A recent randomized trial found that 5 g of hydroxocobalamin reduced norepinephrine by 0.08 µg/kg/min [39], which led us to apply 0.02 as a correction factor to hydroxocobalamin dose in g.

A randomized trial comparing oral midodrine with intravenous norepinephrine found that 30 mg/day of midodrine reduced 73 mg of norepinephrine during six days in septic shock [40], which gave a correction factor of 0.4 to midodrine dose in μg/kg/min.

On the other hand, there is no randomized trial comparing the potency of methylene blue with that of other vasoconstrictors. A single-center randomized trial assessing the efficacy of methylene blue in septic shock [41] reported that the doses for methylene blue infusion ranged from 0.25 to 2 mg/kg/h. Accordingly, we arbitrarily applied a correction factor of 0.2 to the dose of methylene blue in mg/kg/h.

Therefore, we have updated the NEE equation incorporating vasoconstrictors commonly used in recent years. Figure 1 and Table 1 describe our final modified NEE calculation formula. If we compare our formula with the one by Goradia et al. [20], the correction factors for angiotensin II are inconsistent even after the adjustment of the unit used (2.5 vs. 10). The main reason for the difference is the data source for the correction factor estimation. While Goradia et al. used a pilot single-center randomized trial published in 2012 in intensive care unit settings [42], we used a subsequent multicenter randomized trial published in 2017 [15]. Since the pilot trial was small in sample size and had baseline imbalances between angiotensin and placebo arms, we used only the larger trial to better estimate the equipotency of angiotensin II.

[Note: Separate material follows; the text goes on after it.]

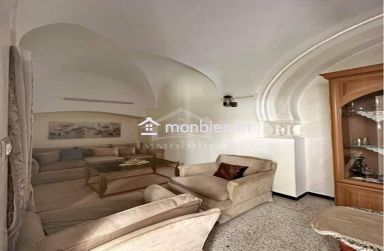 Maison arabesque S+4 à vendre à Béni Khiar 51355351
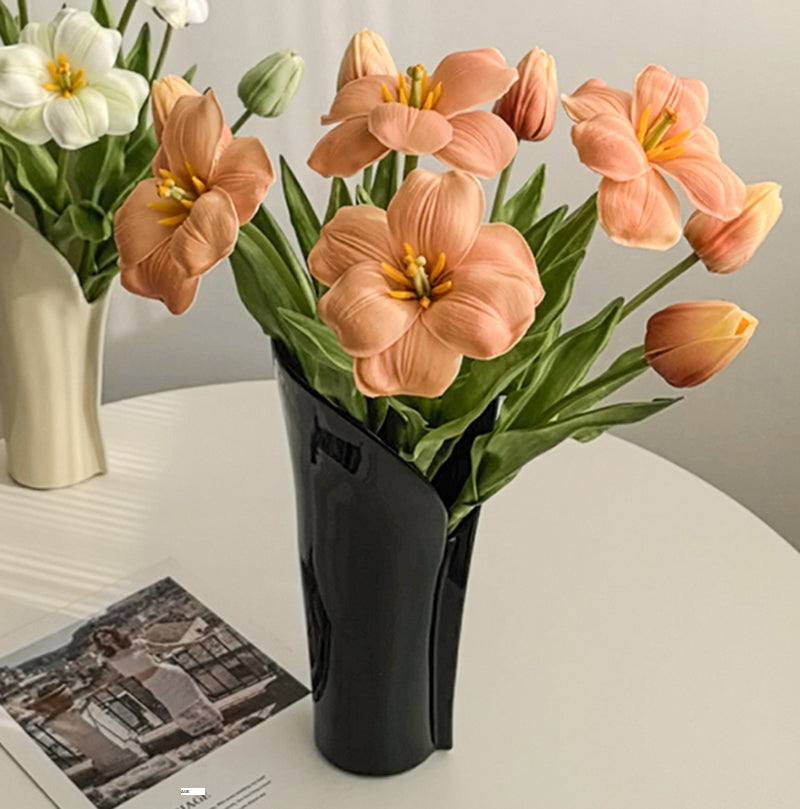 LIVETAI Isadora Elegant Black Ceramic Vase Decor from LIVETAI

All the studies we used to update the NEE formula are listed in Table 2.

Table 2 Studies to determine the conversion ratio of each vasopressor agent in our updated NEE formula

Future perspectives

There are several unanswered questions concerning NEE. The current trend toward a multimodal vasopressor strategy will require a valuable measure to standardize the total amount of vasoconstrictor therapy. Although NEE is a helpful measure of vasopressor support, regular updates, e.g., the use of novel vasoconstrictors, are necessary. Since most correction ratios are arbitrarily determined, validation studies are also required to evaluate the predictive performance of NEE for worse clinical outcomes.

Conclusions

Since its emergence in 2002, NEE has been increasingly used in intensive care research. Its importance will further increase if the catecholamine-sparing vasopressor strategy becomes prevalent. Regular renewal and validation are necessary to update NEE in line with clinical practice.